Guide To Lenders
February 4, 2012

Private Mortgage Insurance Available Again

Gina Pogol

Good news for home buyers with few funds to plunk down for a down payment or homeowners with little home equity. Mortgage insurers are making a comeback.

Mortgage Insurance Is Back! Refinancing a Mortgage with Less Equity

Thinking about buying property (remember, the home buyer tax credit is in its final days) or refinancing a home? You may be in luck. In the wake of the housing bust, private mortgage insurers stopped insuring loans except in the brightest real estate markets and for borrowers with the strongest credit package--but they are making a comeback.

Home retention efforts, including the US Treasury Department's Making Home Affordable, have cut foreclosures, sent insurers' stocks soaring, and caused them to loosen restrictions a bit.

PMI, Not to Be Confused with MIP or MPI

The abbreviations come thick and fast when you refinance a mortgage or buy a home. MI means mortgage insurance. It's the term used in the lending industry for non-government mortgage insurance. PMI is the name of just one of many mortgage insurers.

MIP, or mortgage insurance premium, is the name of FHA's mortgage insurance. Sometimes the part you pay upfront is called UFMIP, to differentiate it from the monthly mortgage insurance you pay on an FHA loan.

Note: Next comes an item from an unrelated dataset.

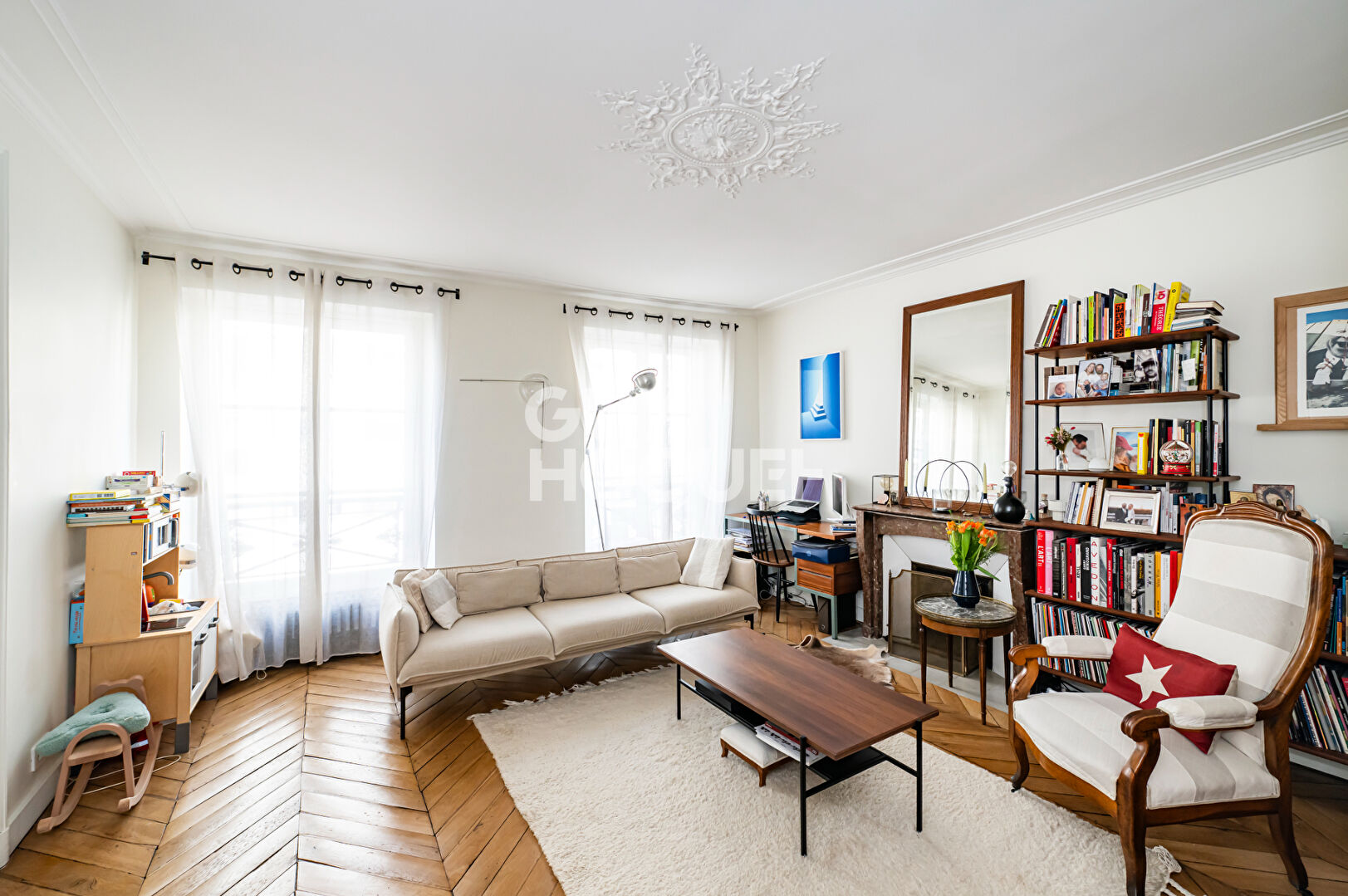 Magnifique appartement - 74 m² - Paris 09 Trudaine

Finally, MPI, or mortgage payment insurance, is not required by lenders but may be sold to borrowers. This kind of insurance is supposed to make your payment for you in the event of illness, disability, or unemployment. These policies may be sold by insurance companies or even lenders (for instance, Bank of America makes these available to its borrowers).

Mortgage Insurers Are Back

Here's an excerpt from a letter from mortgage insurer Genworth Financial to lenders. The firm is loosening its guidelines starting April 12, 2010:

As the mortgage market continues to stabilize, Genworth's strong reliance on prudent underwriting standards
and processes will allow us to continue expanding our underwriting guidelines. We are introducing new
definitions for Retail and Non-Retail Originations. These new definitions will allow us to broaden our
guidelines in all markets, including Arizona, California, Florida, Michigan, and Nevada. Our goal is to work
with you, our lender partners, to prudently insure more loans for qualified borrowers and expand
home ownership opportunities throughout the nation.

Yes, even Arizona, California, Michigan, Florida, and Nevada are no longer considered off-limits. This really is cause for celebration: the easier it is to finance property in these areas, the better and faster the market's recovery. Here are the highlights:

  • The policy for declining and distressed real estate markets (generally meaning that almost no one can get insurance in those locations) will be abolished.
  • It will be possible to insure a mortgage on a condominium to a 95% loan-to-value (LTV).
  • Co-ops will be insurable to 95%.
  • Two-unit properties (duplexes) will now be eligible for insurance, to an LTV of 90%.
  • Manufactured housing will now be acceptable for mortgage insurance, to an LTV of 85%.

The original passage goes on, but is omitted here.